Authors: Michael Marshall
Tags: #Action & Adventure, #Crime & Thriller, #Adventure, #Thriller, #Fiction
At the entrance to the park, Jim pulled over. A gateway affair — two grey metal poles with a board held between them over trailer height — confirmed this was indeed Benboro Park and not Bel Air or heaven or the best of all possible worlds. On the other side, the road split. In the centre of the division was a trailer painted the same red as the sign on the main road. This was Site No. 1, and in it lived the woman who ran the park. Hannah, her name was. Assuming she was still alive.
He got out of the car. The clouds were heavier now, charcoal and frosted and pregnant, but the rain had still not begun to fall. Jim hoped it would sooner or later, if only for the sake of the old boys perched at the counter in Marsha's, to whom it had sounded like a big deal. Though it would spoil the fun of a little girl he now saw, playing by herself in the road outside a trailer down the right-hand fork. She was singing to herself, quietly. It was a nice sound.
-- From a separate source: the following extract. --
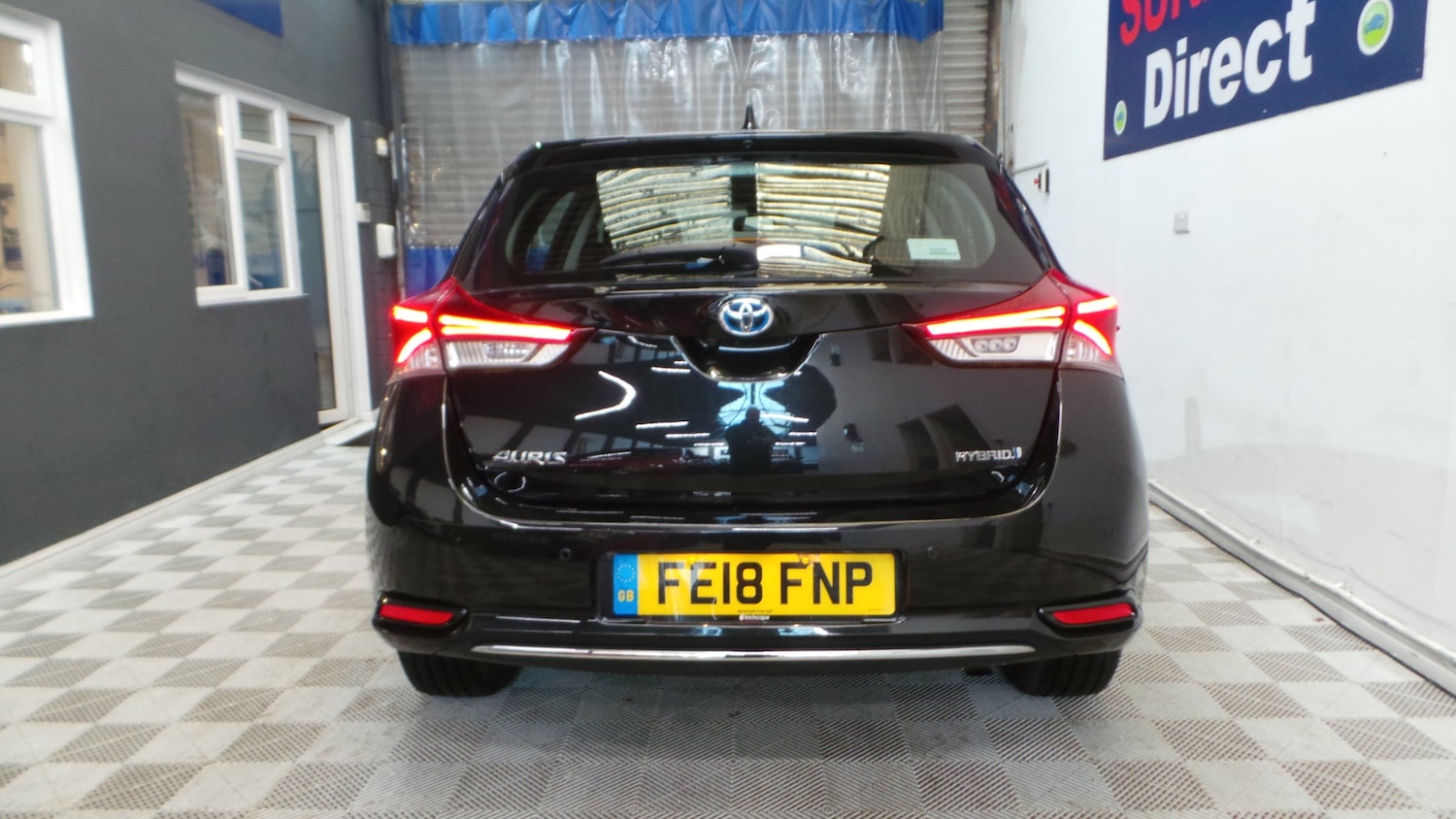 Used Toyota Auris 2018 for sale - 76706648: Photo 22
As he walked over to No. 1 he reminded himself of the story he'd told long ago. He had just gone through a long and arduous divorce, that's right, and this was everything he'd been able to save for himself. Wasn't much, but it had sentimental value. He wanted it somewhere safe, away from lawyers and their familiars. He was on his way down to Miami. Friend of his said he might be able to get him a job in a hotel there. Failing that, he might head for Arizona, or Nevada, try his luck further west.
He knocked on the door, listening to the sounds of television from inside. Before very long the door was opened.
'Yessir?'
It was the woman he remembered. Additional years of pickling in a trailer full of cigarette smoke had turned her skin the non-colour of a once-white dishcloth. Dry, grey-brown hair was pulled into a ragged ponytail that said she knew she looked like shit, and honestly didn't care.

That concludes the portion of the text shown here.